A handy way to do that is to not let yourself get away from the definitions of the metrics you’re working with. Let’s work through the above example. In a classification setting, log loss is calculated as the logged distance between the prediction and label. So if that on average decreases, fine, predictions are closer to the actual labels on average. The words “on average” are important because they ignore what your labels are - so shifts in log loss can be explained by an overall shift in the distribution of predictions created by your model. F1 gives you a blended measure of your model’s precision and recall. If F1 goes down, at least one of precision and recall went down. So you should inspect the confusion matrix to see what has changed. If it turns out that your predictions have become biased, it will appear here. If that’s not the case, then you can attach a lower probability to biased predictions being the cause of your results and instead look for outliers skewing your average loss result. This is a very different thought process to picking parts of the model and hypothesising about how they may have influenced your performance statistics.

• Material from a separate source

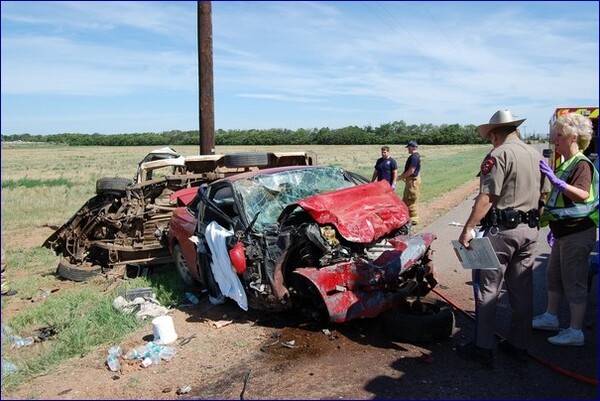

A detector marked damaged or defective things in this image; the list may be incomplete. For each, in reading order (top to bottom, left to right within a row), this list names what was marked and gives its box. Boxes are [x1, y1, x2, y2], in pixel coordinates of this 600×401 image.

overturned truck [42, 147, 316, 282]
shattered windshield [233, 165, 356, 228]
wrecked red car [166, 164, 442, 324]
crushed red hood [280, 180, 408, 242]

AutoML seems like a good way around all of this, but in my opinion it’s an iron law that in any situation a sufficiently innovative and eager person can always find a way to shoot themselves in the foot. You still need to be clear about what you’re up to.
Don’t believe the hype6
A textbook-definition narrative fallacy I see everywhere consists of pretending your neural network functions the same way as a human brain and consequently believing that if you replicate your own decision-making process in constructing the network then all will be well. When it inevitably blows up temporarily or gives weird results - because it is in fact not a human brain - all of a sudden it’s very difficult to know what to do because that whole frame of reference constrains thinking. Stop doing this!7 Of course there are plenty of very, very smart people who use the human brain analogy to educate others about how neural nets work, but that doesn’t mean you should consider it any kind of literal truth when building one yourself. Remember, that analogy is a simplification used for the purposes of education. No-one has an LSTM unit in their head.8
One simple thing you can do to avoid falling for narrative fallacies is to slow down the process. I get it, your boss is an arsehole and you have to keep it moving. What I’m saying is that if you’re caught in a narrative fallacy, there can often be a strong urge to make multiple changes to your model at the same time, interpret whatever evidence you get as confirmation of the working hypothesis you had and then repeat this process. Again, this can be made worse by the rancid breath of your boss on your neck.

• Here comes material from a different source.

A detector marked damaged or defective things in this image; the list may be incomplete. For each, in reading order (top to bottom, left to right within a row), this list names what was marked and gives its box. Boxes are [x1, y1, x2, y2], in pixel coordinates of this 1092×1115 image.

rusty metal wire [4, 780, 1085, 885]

Even worse, the real danger is that you wind up going around and around in circles without realising it due to a lack of clarity about the reasons for the effectiveness or otherwise of the changes you make, or in the worst case a lack of clarity about what you’ve even tried. Or you can wind up going round and round in circles, only to find a way out of it by means of another fallacious narrative that conveniently explains everything (but isn’t actually right). Occam’s Razor is pretty clear that sometimes the simple explanation can be the wrong one.
Instead, force yourself to make only one change at a time. This does two things for you:
1) It makes whether or not your change is a good one much clearer, and 2) It allows you to work out what to do next, because you now know precisely what to ascribe success or failure to.
If you make three changes to a model, train it, then find the results are better - what was responsible? Like as not there’s nothing that really tells you, so the blanks get filled in subconsciously instead. Look at the functioning of your model at a lower level where possible and leave overarching narratives to themselves. Don’t leave room for the imagination by not trying to keep too much in your head at once and let it be an alarm bell if you find yourself really hankering to make a few changes at the same time. It can definitely feel like you’re moving a lot slower, but that’s because there’s a false economy in the alternative. Trying a scatter gun approach with a bunch of changes might feel like a quicker path to a result but not if you stop and consider all the time spent in that approach not being clear about what’s going on.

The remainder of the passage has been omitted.